Parents' Humor Boosts Child Relationships, Study Finds

Penn State

UNIVERSITY PARK, Pa. — They say that laughter is the best medicine, but it could be a good parenting tool too, according to a new study led by researchers from Penn State.

In a pilot study, the research team found that most people viewed humor as an effective parenting tool and that a parent or caregiver's use of humor affected the quality of their relationship with their children. Among those whose parents used humor, the majority viewed their relationship with their parents and the way they were parented in a positive light. The researchers published their findings in the journal PLOS One.

"Humor can teach people cognitive flexibility, relieve stress, and promote creative problem solving and resilience," said Benjamin Levi, professor of pediatrics and humanities at Penn State College of Medicine and senior author of the study. "My father used humor and it was very effective. I use humor in my clinical practice and with my own children. The question became, how does one constructively use humor?"

While aspects of humor and play have been studied across various settings and in child development, the use of humor in parenting hasn't been formally studied, the researchers said.

"There's an interesting parallel between business and parenting, which are both hierarchical. In business, humor has been shown to help reduce hierarchies, create better environments for collaboration and creativity and diffuse tension," said first author Lucy Emery, who was a medical student at Penn State College of Medicine at the time of the research and currently a pediatrics resident at Boston Children's Hospital. "While parent-child relationships are more loving than business relationships, stressful situations happen a lot when parenting. Humor can help diffuse that tension and hierarchy and help both parties feel better about a stressful situation."

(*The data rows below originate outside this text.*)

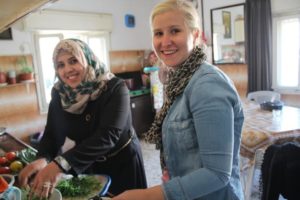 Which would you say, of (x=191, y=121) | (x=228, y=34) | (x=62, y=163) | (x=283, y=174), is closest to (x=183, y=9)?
(x=191, y=121)

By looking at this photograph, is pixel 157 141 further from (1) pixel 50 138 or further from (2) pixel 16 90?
(2) pixel 16 90

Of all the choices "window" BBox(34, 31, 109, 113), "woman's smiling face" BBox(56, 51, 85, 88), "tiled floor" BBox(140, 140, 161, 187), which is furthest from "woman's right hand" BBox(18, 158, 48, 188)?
"window" BBox(34, 31, 109, 113)

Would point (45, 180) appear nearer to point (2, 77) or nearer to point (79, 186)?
point (79, 186)

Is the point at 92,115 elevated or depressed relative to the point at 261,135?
elevated

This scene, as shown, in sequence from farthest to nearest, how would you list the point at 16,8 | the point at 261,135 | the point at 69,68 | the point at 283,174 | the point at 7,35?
the point at 7,35 < the point at 261,135 < the point at 283,174 < the point at 69,68 < the point at 16,8

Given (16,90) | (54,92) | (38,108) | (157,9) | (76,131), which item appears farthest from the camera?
(38,108)

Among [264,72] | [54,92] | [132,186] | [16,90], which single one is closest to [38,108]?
[16,90]

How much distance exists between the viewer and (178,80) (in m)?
0.80

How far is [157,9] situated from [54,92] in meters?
0.82

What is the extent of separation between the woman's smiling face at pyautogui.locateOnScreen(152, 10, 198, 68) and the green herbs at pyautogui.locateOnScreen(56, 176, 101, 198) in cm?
57

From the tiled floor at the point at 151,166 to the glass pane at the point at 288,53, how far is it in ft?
6.63

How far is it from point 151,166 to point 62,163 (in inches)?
101

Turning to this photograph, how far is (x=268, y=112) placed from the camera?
2.56 meters

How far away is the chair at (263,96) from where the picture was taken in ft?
11.2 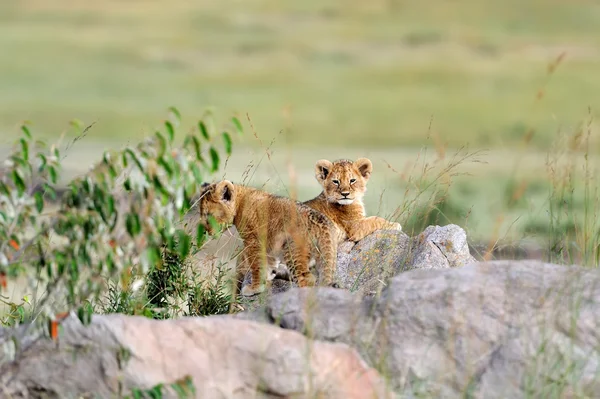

This preliminary research was a first step to examine how people view the relationship between humor, their experience being parented and their experience of parenting. The study will help lay the groundwork for understanding how to use humor constructively and the kinds of situations that are riskier for using humor.

They surveyed 312 people between the ages of 18 and 45. More than half said they were raised by people who used humor and 71.8% agreed that humor can be an effective parenting tool. The majority said they do or plan to use humor with their children and believe that it has more potential benefit than harm.

The team also found a correlation between a parent's use of humor and the way their children, who are now adults, viewed the way they were parented and their relationship with their parents. Of those who reported that their parents used humor, 50.5% said they had a good relationship with their parents and 44.2% reported they felt their parents did a good job parenting them. On the other hand, of those who said their parents didn't use humor, only 2.9% reported a good relationship with their parents and 3.6% reported that they thought their parents did a good job parenting them.

While it's not surprising that parents would use humor with their children if they were raised by caregivers who did the same, Levi said the stark differences between the two groups was unexpected.

The research team is expanding on this preliminary study and are surveying a larger and more diverse cohort of parents as well as collecting qualitative research based on parents' experience using humor.

"My hope is that people can learn to use humor as an effective parenting tool, not only to diffuse tension but develop resilience and cognitive and emotional flexibility in themselves and model it for their children," Levi said.

Erik Lehman, biostatistician at Penn State, and Anne Libera, director of comedy studies at Chicago's The Second City, also contributed to the paper.

The humanities department at Penn State College of Medicine helped support this work.